Did you see any regional patterns (e.g., worse luck with Spanish or French or Italian)? Were these expensive/cheap? Can you name some names?
Im betting that the higher the quality the cork, the less likely the wine will be corked.
Joe - part of the quality check for everyone these days is some kind of TCA check. But if you’re getting TCA from corks, you’re less likely to get it if you use a plastic cork, which is the cheapest way to go.
You can still get it from other sources of course. One problem is that you can’t test every cork. Best you can do is test batches of them and get probabilities.
The way cork is graded has more to do with freedom from defects, holes, etc., e.g. kind of like lumber. They don’t really grade regarding presence or absence of TCA although that would be nice!
Having just bottled 3 cases last night, this makes me realize that I have never had a corked bottle of my homemade wine but am running about 2% of all purchased wine which does not account for whatever portion of that is screwcaped. Maybe its just the small sample size of homemade since its probabaly less than 200 consumed so far. Will see if that changes as production ramps up. I can’t think of any reason why it shoudl be less than commercial wine corked rates.
Yes, my recent foray into Italian wines has stalled after realizing the rate of corked wines, 1-2 per case.
With CA wines it’s been more like 1 in every 5 cases.
Italy is the king when it comes to corked wines. I don’t know why that is, but it’s been unmistakeably true for me in my years of experience (not to say someone else’s might not be different).
Speaking of corked wines, our California-France blind chardonnay tasting on Saturday revealed two badly corked wines out of the fourteen bottles opened – a 2012 Poe Ferrington and some 2002 1er Cru Red Burgundy whose name I didn’t write down. The latter may have been the most corked wine of all time. The moment the cork came out of the bottle, the blast of TCA smell smacked me over the head; I’ve never had an experience like that before. On the plus side, we never had to pour a drop of it out of the bottle.

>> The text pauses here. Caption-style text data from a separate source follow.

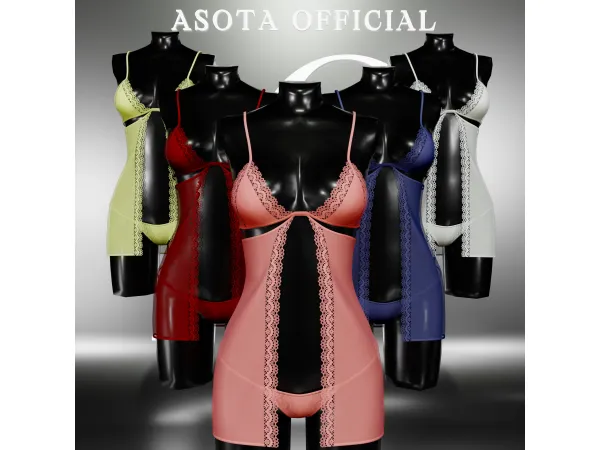 Alpha [ASOTA OFFICIAL] Loly Lingerie - The Sims 4 Custom Content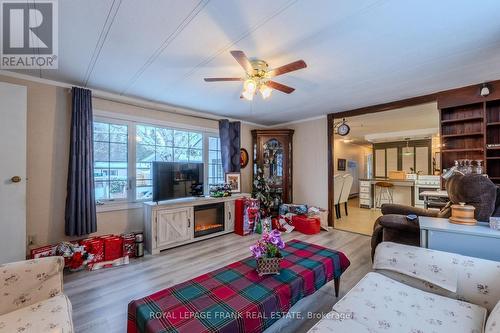 2 Hill Street, Kawartha Lakes (Lindsay), ON - Indoor Photo Showing Living Room With Fireplace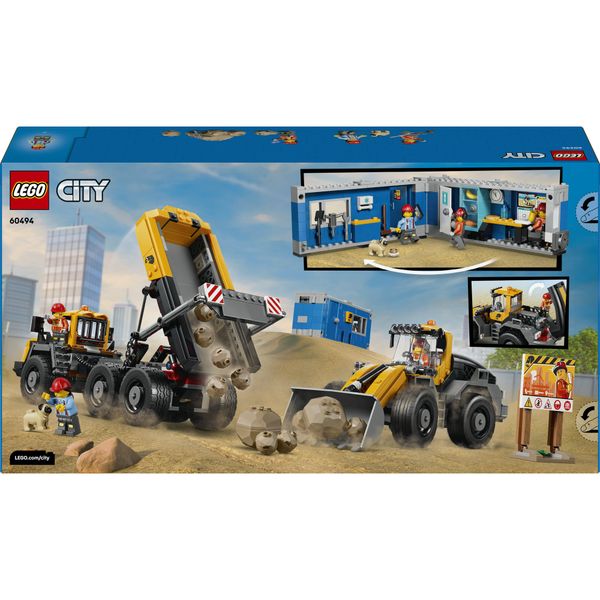 Lego city camion ribaltabile e pala meccanica - 60494 - LEGO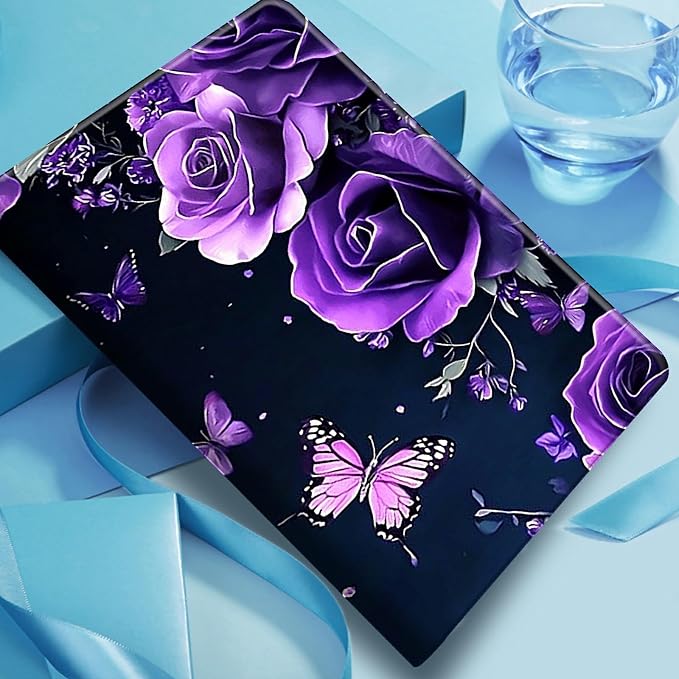 Case for Amazon Fire 7 Tablet 2019/2017 Release 9th/7th Generation PU Leather Smart Protective Cover with Auto Sleep/Wake for Fire 7 2019Dog Wearing Witch Hat Pumpkin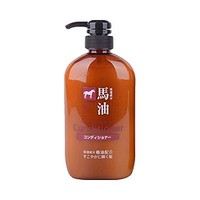 KUMANOYUSHI 熊野油脂 无硅油马油护发素 600ml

But we did get something out of that corked burg, we passed the bottle around the table as a perfect example of “wet newspaper” flaw, something my wife and Jill hadn’t experienced before.
I know screwcaps don’t guarantee 0% TCA, so I’m curious how often are you guys running into screw cap bottles with TCA (looking for a number similar to Adam’s 10% of the bottles they opened).
I hate to hear that, Chris. In my experience as an Italian wine importer some Italian producers used to be far too trusting of the stories told by cork suppliers (there is a special circle of Hell for cork suppliers). Now the people I talk to are way more likely to do their own quality control, thank heavens. The DIAM cork is gaining ground, which I think is a good thing (this is the only brand I have any faith in). A surprising number of producers are starting to use screwcaps, surprising given that the Italian market is very behind in accepting the closure; lately we’ve had Verdicchio di Matelica, Barbera d’Asti, Dolcetto d’Alba and of course wines from the Alto Adige all under screwcaps.
Twice in the past year I’ve had winemakers pour me wines that were horribly corked. I find it awkward to have to ask the winemaker directly if this is how the wine is supposed to taste. Always a bad impression.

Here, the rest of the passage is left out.